• RECORD EXCERPTS
——

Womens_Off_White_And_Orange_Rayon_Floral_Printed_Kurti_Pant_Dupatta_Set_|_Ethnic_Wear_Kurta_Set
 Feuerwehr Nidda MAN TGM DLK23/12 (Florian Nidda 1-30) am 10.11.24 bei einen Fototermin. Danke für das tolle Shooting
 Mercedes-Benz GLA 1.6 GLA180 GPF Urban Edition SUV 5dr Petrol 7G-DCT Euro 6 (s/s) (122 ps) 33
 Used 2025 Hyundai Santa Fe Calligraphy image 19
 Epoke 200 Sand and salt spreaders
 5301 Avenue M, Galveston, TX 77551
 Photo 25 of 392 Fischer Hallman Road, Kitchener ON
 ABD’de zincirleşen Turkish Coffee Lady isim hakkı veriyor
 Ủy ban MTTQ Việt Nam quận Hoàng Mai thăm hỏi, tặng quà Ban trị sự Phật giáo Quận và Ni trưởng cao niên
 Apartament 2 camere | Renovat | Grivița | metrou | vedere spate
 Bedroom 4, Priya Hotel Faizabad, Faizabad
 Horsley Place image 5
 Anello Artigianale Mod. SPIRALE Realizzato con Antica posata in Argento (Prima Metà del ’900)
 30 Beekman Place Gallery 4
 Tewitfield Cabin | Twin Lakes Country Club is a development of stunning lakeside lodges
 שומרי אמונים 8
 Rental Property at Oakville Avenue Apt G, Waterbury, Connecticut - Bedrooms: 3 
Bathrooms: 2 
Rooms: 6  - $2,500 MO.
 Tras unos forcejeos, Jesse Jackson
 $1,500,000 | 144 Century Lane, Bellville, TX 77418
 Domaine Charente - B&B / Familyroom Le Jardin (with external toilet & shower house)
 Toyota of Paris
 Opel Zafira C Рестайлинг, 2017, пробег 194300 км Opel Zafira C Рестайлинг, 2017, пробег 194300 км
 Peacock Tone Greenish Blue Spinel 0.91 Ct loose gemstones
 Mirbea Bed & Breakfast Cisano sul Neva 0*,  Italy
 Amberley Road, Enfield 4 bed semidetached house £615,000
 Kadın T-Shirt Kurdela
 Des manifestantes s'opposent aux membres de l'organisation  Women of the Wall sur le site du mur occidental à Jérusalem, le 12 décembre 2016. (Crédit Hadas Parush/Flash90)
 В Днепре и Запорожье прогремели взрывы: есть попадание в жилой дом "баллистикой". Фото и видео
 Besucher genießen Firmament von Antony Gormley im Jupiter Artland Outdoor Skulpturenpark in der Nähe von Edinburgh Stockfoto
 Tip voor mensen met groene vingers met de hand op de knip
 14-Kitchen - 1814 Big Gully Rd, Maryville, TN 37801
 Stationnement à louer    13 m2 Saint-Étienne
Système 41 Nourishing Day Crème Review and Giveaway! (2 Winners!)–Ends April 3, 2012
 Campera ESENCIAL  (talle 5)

——

• EXERCISE
All of the entries above, written out exactly, make up the reply.

• SOLVED PROBLEM
Womens_Off_White_And_Orange_Rayon_Floral_Printed_Kurti_Pant_Dupatta_Set_|_Ethnic_Wear_Kurta_Set
 Feuerwehr Nidda MAN TGM DLK23/12 (Florian Nidda 1-30) am 10.11.24 bei einen Fototermin. Danke für das tolle Shooting
 Mercedes-Benz GLA 1.6 GLA180 GPF Urban Edition SUV 5dr Petrol 7G-DCT Euro 6 (s/s) (122 ps) 33
 Used 2025 Hyundai Santa Fe Calligraphy image 19
 Epoke 200 Sand and salt spreaders
 5301 Avenue M, Galveston, TX 77551
 Photo 25 of 392 Fischer Hallman Road, Kitchener ON
 ABD’de zincirleşen Turkish Coffee Lady isim hakkı veriyor
 Ủy ban MTTQ Việt Nam quận Hoàng Mai thăm hỏi, tặng quà Ban trị sự Phật giáo Quận và Ni trưởng cao niên
 Apartament 2 camere | Renovat | Grivița | metrou | vedere spate
 Bedroom 4, Priya Hotel Faizabad, Faizabad
 Horsley Place image 5
 Anello Artigianale Mod. SPIRALE Realizzato con Antica posata in Argento (Prima Metà del ’900)
 30 Beekman Place Gallery 4
 Tewitfield Cabin | Twin Lakes Country Club is a development of stunning lakeside lodges
 שומרי אמונים 8
 Rental Property at Oakville Avenue Apt G, Waterbury, Connecticut - Bedrooms: 3 
Bathrooms: 2 
Rooms: 6  - $2,500 MO.
 Tras unos forcejeos, Jesse Jackson
 $1,500,000 | 144 Century Lane, Bellville, TX 77418
 Domaine Charente - B&B / Familyroom Le Jardin (with external toilet & shower house)
 Toyota of Paris
 Opel Zafira C Рестайлинг, 2017, пробег 194300 км Opel Zafira C Рестайлинг, 2017, пробег 194300 км
 Peacock Tone Greenish Blue Spinel 0.91 Ct loose gemstones
 Mirbea Bed & Breakfast Cisano sul Neva 0*,  Italy
 Amberley Road, Enfield 4 bed semidetached house £615,000
 Kadın T-Shirt Kurdela
 Des manifestantes s'opposent aux membres de l'organisation  Women of the Wall sur le site du mur occidental à Jérusalem, le 12 décembre 2016. (Crédit Hadas Parush/Flash90)
 В Днепре и Запорожье прогремели взрывы: есть попадание в жилой дом "баллистикой". Фото и видео
 Besucher genießen Firmament von Antony Gormley im Jupiter Artland Outdoor Skulpturenpark in der Nähe von Edinburgh Stockfoto
 Tip voor mensen met groene vingers met de hand op de knip
 14-Kitchen - 1814 Big Gully Rd, Maryville, TN 37801
 Stationnement à louer    13 m2 Saint-Étienne
Système 41 Nourishing Day Crème Review and Giveaway! (2 Winners!)–Ends April 3, 2012
 Campera ESENCIAL  (talle 5)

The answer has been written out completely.